The UK chemical supply chain for battery manufacture could “capture a £4.8 billion (US$6.2bn) per annum market share” by 2030, meeting the needs of UK-built vehicles alone, according to a new report.
The report said its forecast was based on the “strong foundation of UK-based companies already embedded within many global battery supply chains”.
Currently three fifths of a vehicle battery pack’s value is the chemicals and materials, according to the report by E4tech, which was commissioned by the Advanced Propulsion Centre (APC), Innovate UK and supported by the Knowledge Transfer Network and WMG— an academic department of the University of Warwick.
APC’s CEO Ian Constance said: “With transport shifting towards electrification batteries are set to play a major part in our future propulsion mix.”
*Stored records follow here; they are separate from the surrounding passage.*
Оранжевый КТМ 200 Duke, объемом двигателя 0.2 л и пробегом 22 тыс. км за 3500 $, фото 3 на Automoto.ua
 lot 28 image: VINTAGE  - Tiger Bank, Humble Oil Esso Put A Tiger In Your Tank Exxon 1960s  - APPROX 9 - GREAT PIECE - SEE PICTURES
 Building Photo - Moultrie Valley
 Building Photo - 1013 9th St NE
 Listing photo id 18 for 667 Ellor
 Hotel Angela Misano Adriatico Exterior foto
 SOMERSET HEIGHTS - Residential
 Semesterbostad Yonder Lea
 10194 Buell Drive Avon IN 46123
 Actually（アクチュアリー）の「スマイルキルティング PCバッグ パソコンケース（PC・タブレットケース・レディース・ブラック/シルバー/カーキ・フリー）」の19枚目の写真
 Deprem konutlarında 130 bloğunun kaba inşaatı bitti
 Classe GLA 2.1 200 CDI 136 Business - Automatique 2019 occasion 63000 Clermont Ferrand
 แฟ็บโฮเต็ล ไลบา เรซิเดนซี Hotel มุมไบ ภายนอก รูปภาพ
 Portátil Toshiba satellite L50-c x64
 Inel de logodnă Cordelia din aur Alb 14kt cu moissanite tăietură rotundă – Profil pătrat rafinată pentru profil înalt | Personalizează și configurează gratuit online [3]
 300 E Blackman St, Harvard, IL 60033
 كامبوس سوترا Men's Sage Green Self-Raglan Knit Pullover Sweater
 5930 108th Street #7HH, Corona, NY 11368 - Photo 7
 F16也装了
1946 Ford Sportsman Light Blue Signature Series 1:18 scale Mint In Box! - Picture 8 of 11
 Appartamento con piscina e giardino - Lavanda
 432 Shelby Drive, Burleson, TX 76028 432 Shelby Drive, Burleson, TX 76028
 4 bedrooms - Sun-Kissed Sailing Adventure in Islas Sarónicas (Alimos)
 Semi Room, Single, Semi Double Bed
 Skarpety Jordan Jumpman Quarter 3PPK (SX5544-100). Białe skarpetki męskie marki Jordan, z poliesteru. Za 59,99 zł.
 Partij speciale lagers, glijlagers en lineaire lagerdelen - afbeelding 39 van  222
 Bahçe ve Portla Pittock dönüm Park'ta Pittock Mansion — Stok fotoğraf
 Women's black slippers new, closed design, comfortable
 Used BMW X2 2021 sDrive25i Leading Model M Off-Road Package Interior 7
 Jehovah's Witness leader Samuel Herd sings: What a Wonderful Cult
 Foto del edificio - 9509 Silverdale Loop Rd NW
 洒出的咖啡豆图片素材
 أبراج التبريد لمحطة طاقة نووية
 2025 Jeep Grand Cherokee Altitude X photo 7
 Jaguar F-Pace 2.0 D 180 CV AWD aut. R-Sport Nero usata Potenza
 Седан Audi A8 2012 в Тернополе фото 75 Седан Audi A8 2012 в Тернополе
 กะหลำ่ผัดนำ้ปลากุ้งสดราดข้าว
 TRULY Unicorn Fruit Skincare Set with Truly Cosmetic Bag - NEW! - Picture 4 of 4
The report highlights opportunities for the automotive and chemical sectors to collaborate “to make the UK the go-to-place in Europe for battery cell manufacturing”, Constance said.
Dave Greenwood, advanced propulsion systems professor at WMG, said automotive batteries would halve in cost, double in energy density and “see tenfold increases in manufacturing volumes before the end of the next decade”. “High value opportunities exist in cathode powders, anode powders, electrolytes, collector foils and separators, and the supply chain to provide them is in its infancy.”